Michael Burton, a sustainable transportation activist who co-founded Chicago's Critical Mass ride offers his unvarnished answer: "A green parking structure!" he emails. "What's next, a LEED-certified strip mine? Any infrastructure that encourages private automobile use instead of rapid transit, walking and/or biking is inherently environmentally unfriendly. Using green technology to market a new parking structure is simply cynical greenwashing. A s- sandwich with honey mustard is still a s- sandwich."

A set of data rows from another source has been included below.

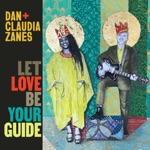 Dan Zanes and Claudia Zanes - Let Love Be Your Guide (For John Lewis) [feat. Amadou Kouyate]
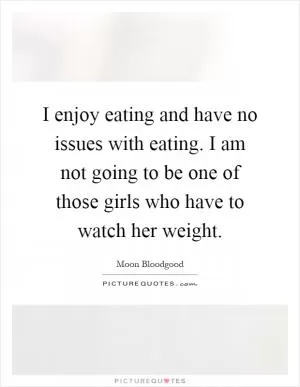 I enjoy eating and have no issues with eating. I am not going to be one of those girls who have to watch her weight Picture Quote #1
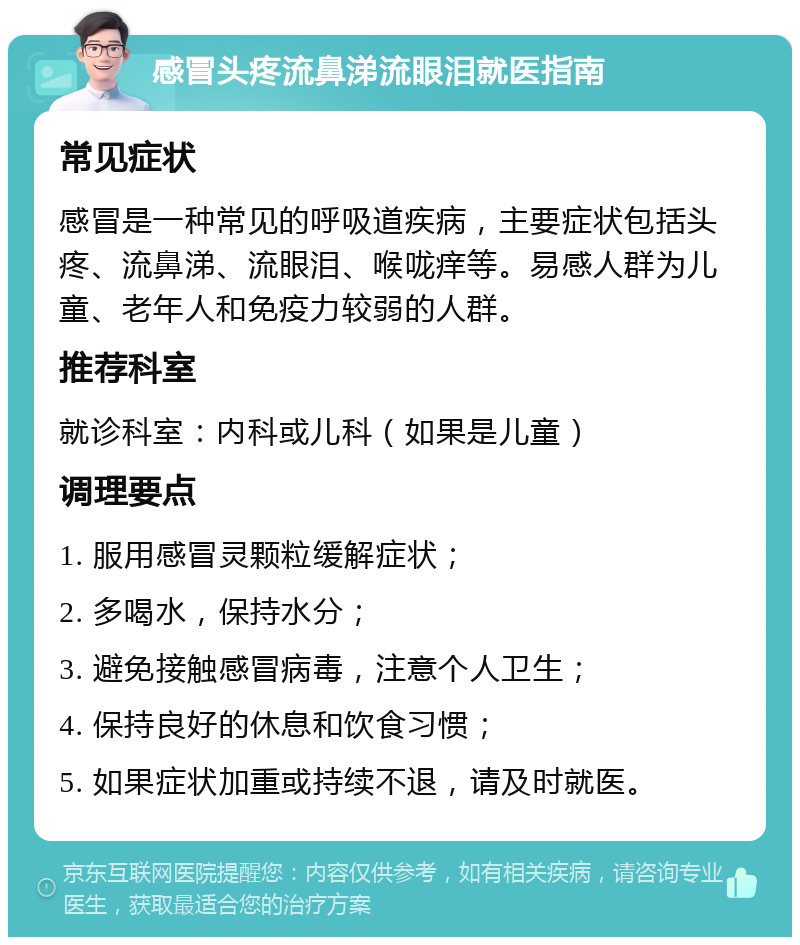 感冒头疼流鼻涕流眼泪就医指南 常见症状 感冒是一种常见的呼吸道疾病，主要症状包括头疼、流鼻涕、流眼泪、喉咙痒等。易感人群为儿童、老年人和免疫力较弱的人群。 推荐科室 就诊科室：内科或儿科（如果是儿童） 调理要点 1. 服用感冒灵颗粒缓解症状； 2. 多喝水，保持水分； 3. 避免接触感冒病毒，注意个人卫生； 4. 保持良好的休息和饮食习惯； 5. 如果症状加重或持续不退，请及时就医。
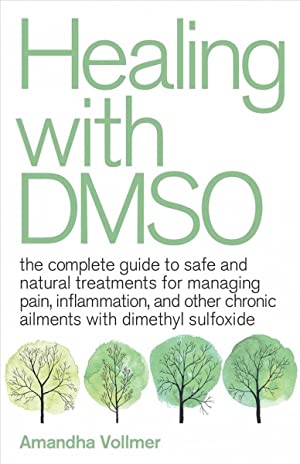 Healing With Dmso : The Complete Guide to Safe and Natural Treatments for Managing Pain, Inflammation, and Other Chronic Ailments With Dimethyl Sulfoxide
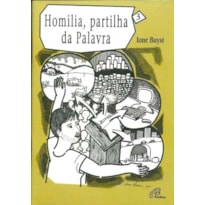 HOMILIA: PARTILHA DA PALAVRA - VOL. 3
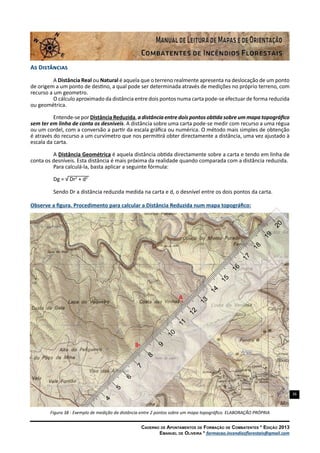 36
Caderno de Apontamentos de Formação de Combatentes * Edição 2013
Emanuel de Oliveira * formacao.incendiosflorestais@gmail.com
As Distâncias
A Distância Real ou Natural é aquela que o terreno realmente apresenta na deslocação de um ponto
de origem a um ponto de destino, a qual pode ser determinada através de medições no próprio terreno, com
recurso a um geometro.
O cálculo aproximado da distância entre dois pontos numa carta pode-se efectuar de forma reduzida
ou geométrica.
Entende-se por Distância Reduzida, a distância entre dois pontos obtida sobre um mapa topográfico
sem ter em linha de conta os desníveis. A distância sobre uma carta pode-se medir com recurso a uma régua
ou um cordel, com a conversão a partir da escala gráfica ou numérica. O método mais simples de obtenção
é através do recurso a um curvímetro que nos permitirá obter directamente a distância, uma vez ajustado à
escala da carta.
A Distância Geométrica é aquela distância obtida directamente sobre a carta e tendo em linha de
conta os desníveis. Esta distância é mais próxima da realidade quando comparada com a distância reduzida.
Para calculá-la, basta aplicar a seguinte fórmula:
Dg = √ Dr2
+ d2
Sendo Dr a distância reduzida medida na carta e d, o desnível entre os dois pontos da carta.
Observe a figura. Procedimento para calcular a Distância Reduzida num mapa topográfico:
Figura 38 - Exemplo de medição da distância entre 2 pontos sobre um mapa topográfico. ELABORAÇÃO PRÓPRIA
 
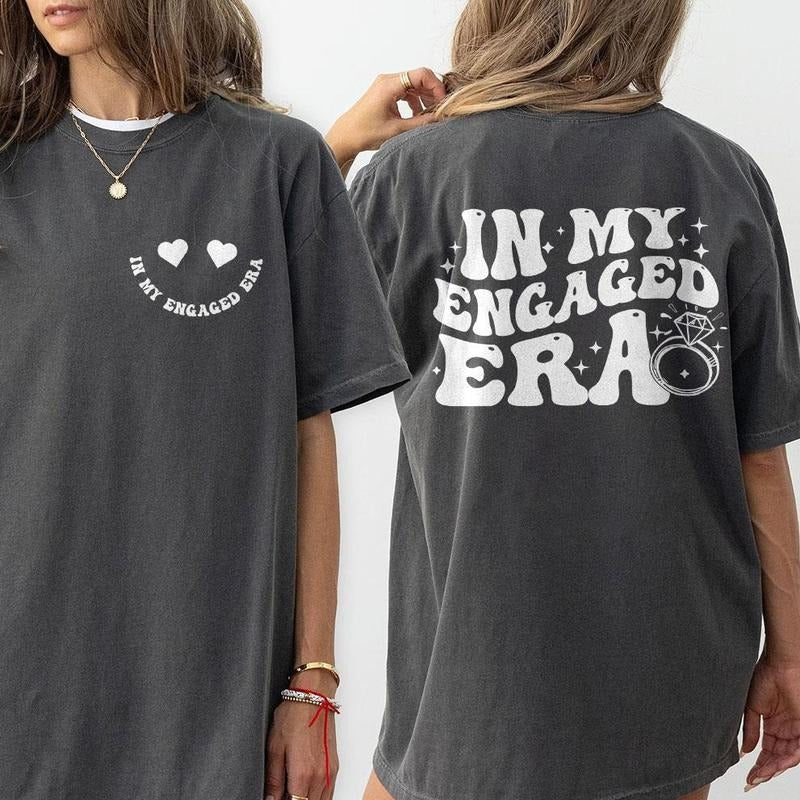 In My Engaged Era Shirt, Comfort Shirt for Women, Engaged Shirt, Engagement Gift for Her, Engaged AF, Bridal Shower Gift,...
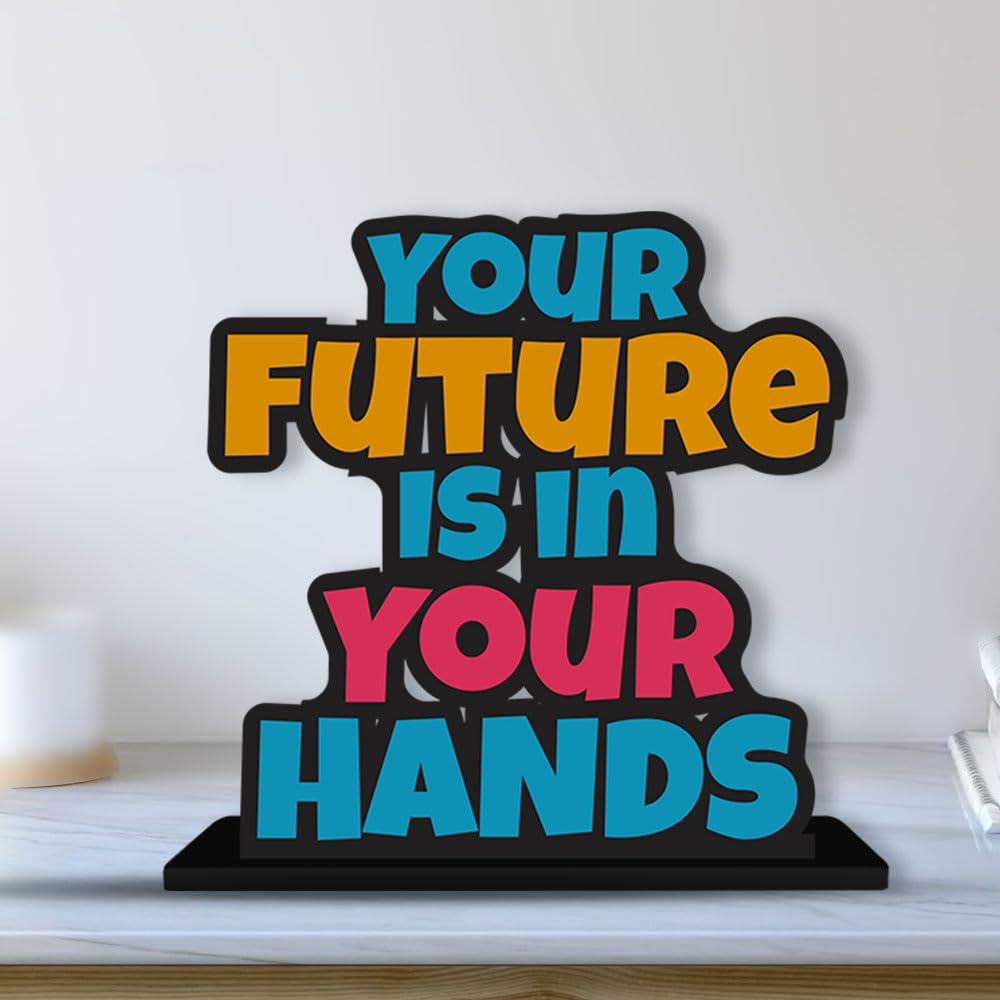 Artvibes Wooden Idols and Figurine Your Future is in Your Hands Positive Quotes Table Decoration for Office Desk | Home Decor | Living Room | Modern Art Wood Showpiece Gift Item (SP_1174)
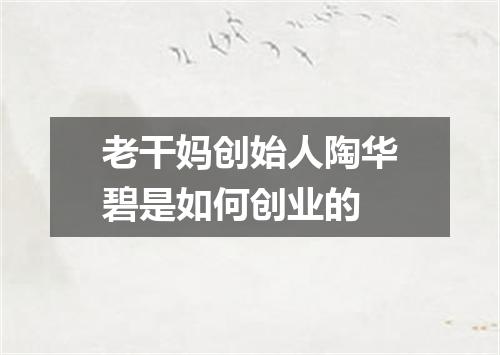 老干妈创始人陶华碧是如何创业的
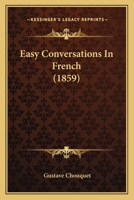 Easy Conversations In French 1436828155 Book Cover
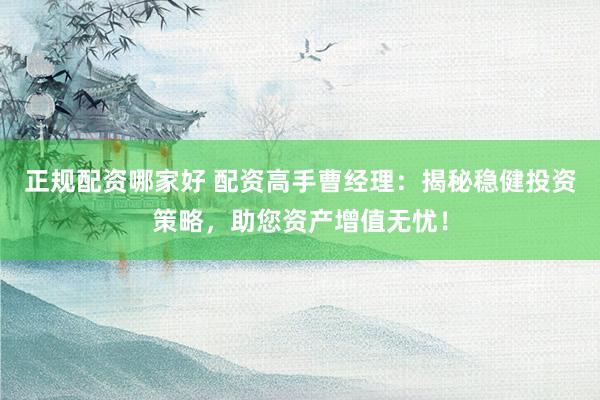 正規(guī)配資哪家好 配資高手曹經(jīng)理：揭秘穩(wěn)健投資策略，助您資產(chǎn)增值無憂！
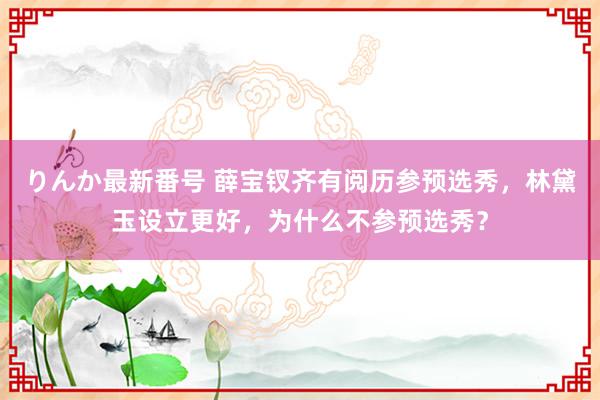 りんか最新番号 薛宝钗齐有阅历参预选秀，林黛玉设立更好，为什么不参预选秀？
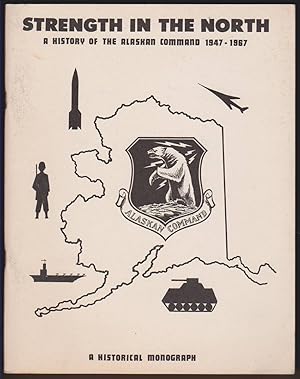 Bild des Verkufers fr STRENGTH IN THE NORTH The Alaskan Command 1947-1967. a Historical Monograph zum Verkauf von Easton's Books, Inc.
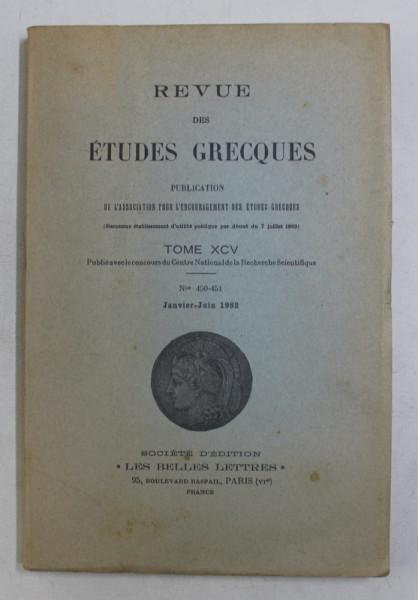 REVUE DES ETUDES GRECQUES , TOME XCV , Nos 459 - 451 , JANVIER - JUIN 1982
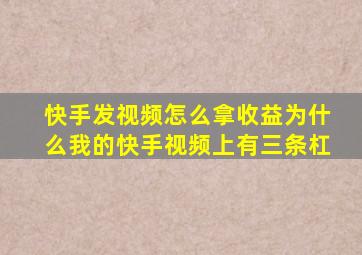 快手发视频怎么拿收益为什么我的快手视频上有三条杠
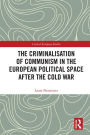 The Criminalisation of Communism in the European Political Space after the Cold War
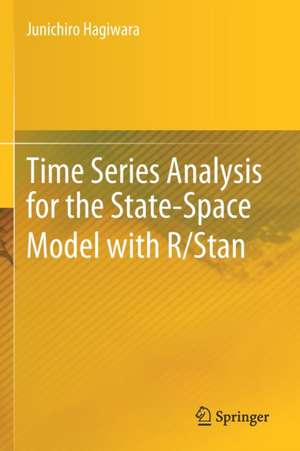 Time Series Analysis for the State-Space Model with R/Stan de Junichiro Hagiwara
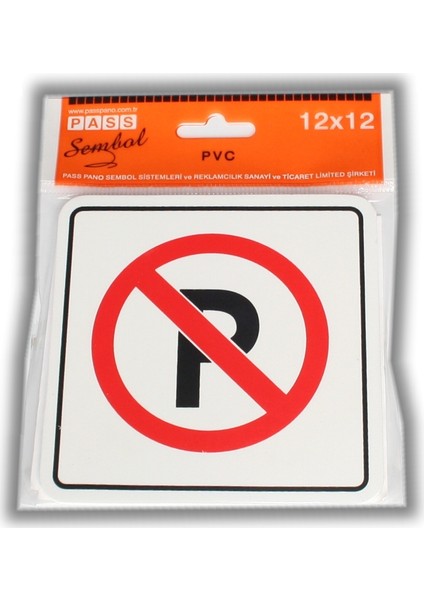 Pvc Foam Levha PARK YASAK Sembol 12 x 12 cm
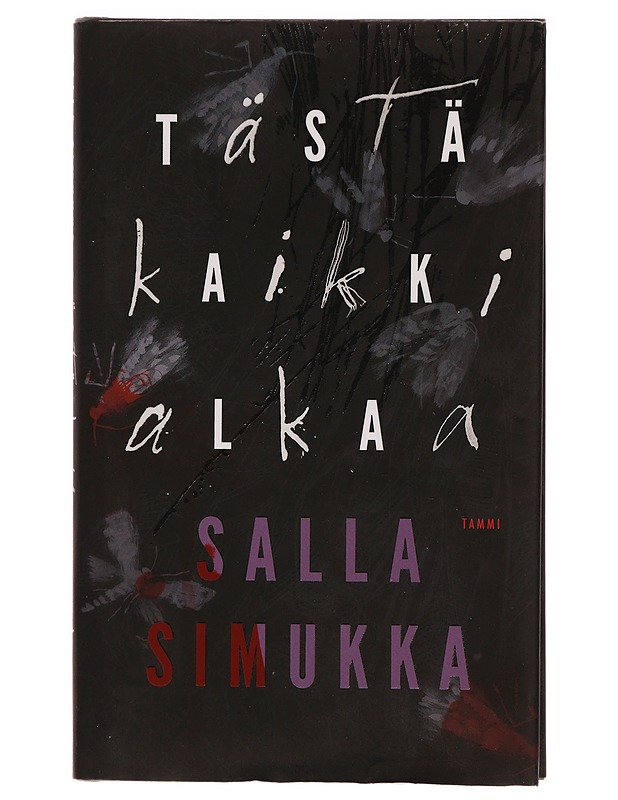 Tästä kaikki alkaa - Salla Simukka - Romaanit ja novellit - 10105328476 - 0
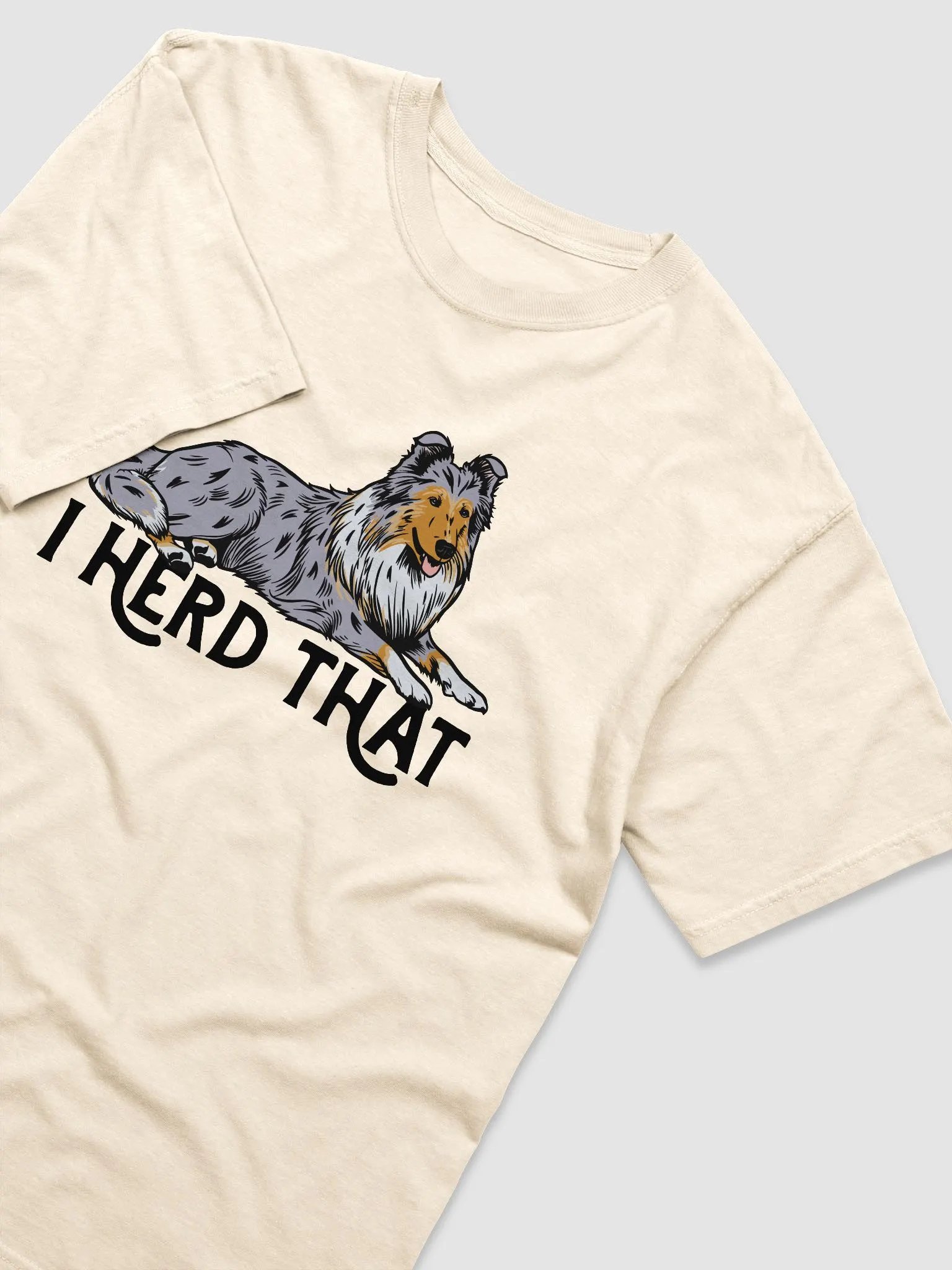 I Herd That T-Shirt of a Rough Collie (Blue Merle) | Funny T-Shirt for Herding Dog Paw-rents product image (6)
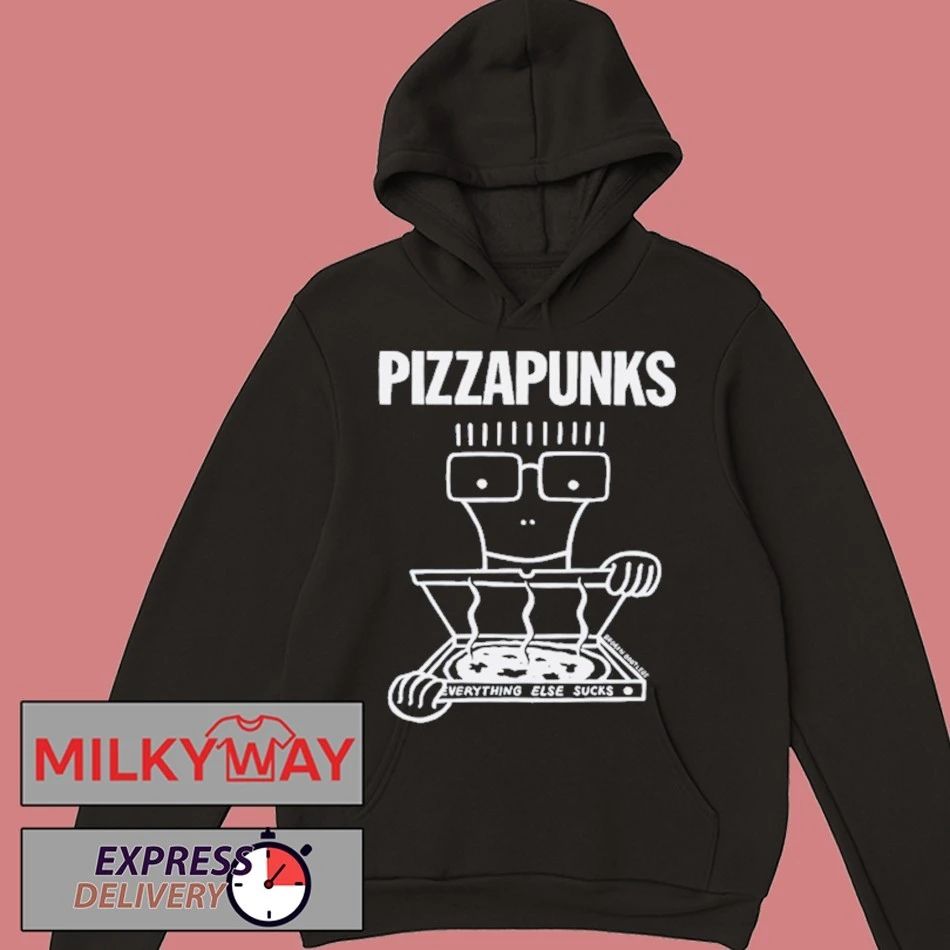 Pizza Punks Everything Else Sucks Shirt
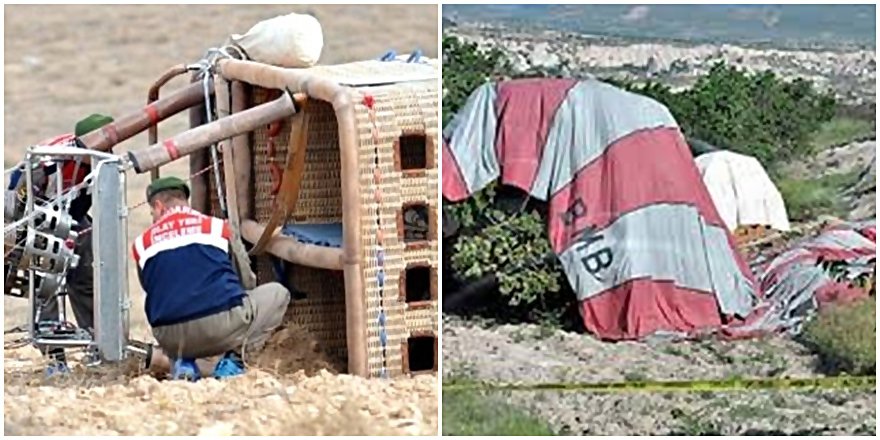 KAPADOKYA'DA BALON KAZASI 1 TURİST HAYATINI KAYBETTİ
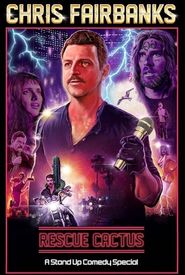 Chris Fairbanks, Stand-Up Comedy Special: Rescue Cactus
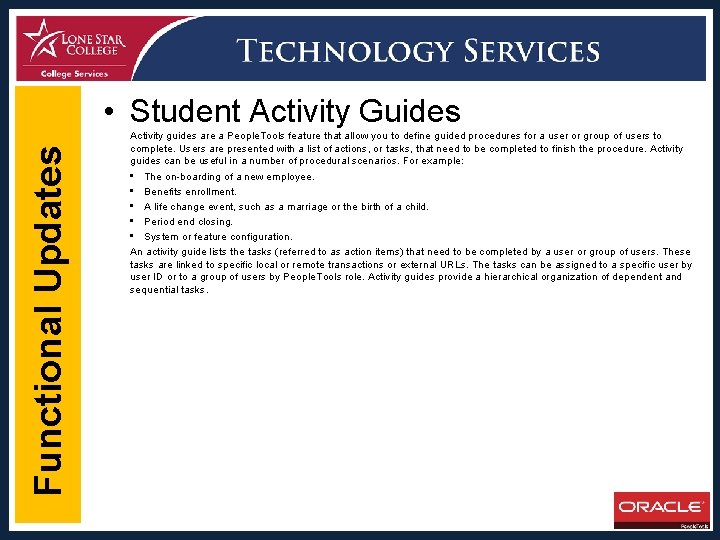 Functional Updates • Student Activity Guides Activity guides are a People. Tools feature that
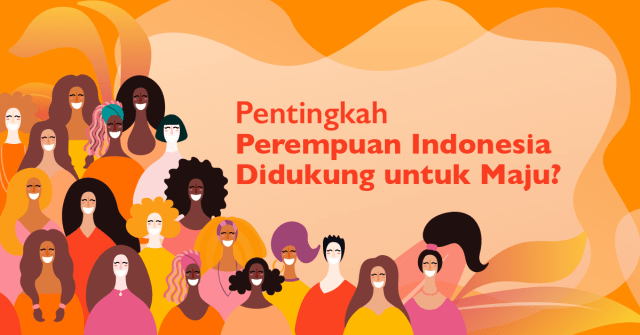 com-Apakah menurut Anda perempuan Indonesia perlu didukung untuk maju? Berikan suara Anda lewat survei ini! (Foto: Kanya Nayawestri/kumparan)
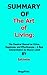SUMMARY OF The Art of Living The Classical Manual on Virtue, Happiness, and Effectiveness – A New Interpretation by Sharon Lebell By Epictetus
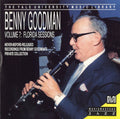 Benny Goodman - The Yale University Music Library Vol. 7: Florida Sessions (CD)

Dave Lombardi, vice president with garage manager Standard Parking, offers a sound defense: "If the reasoning is we should eliminate all garages, well, that isn't living in reality. It's easy to stand back and criticize, but Friedman Properties has put forth the dollars to pass along the message of environmentalism. In a perfect world all cars would be electric and there would be no exhaust. But to get to a completely green society there are some stops along the way."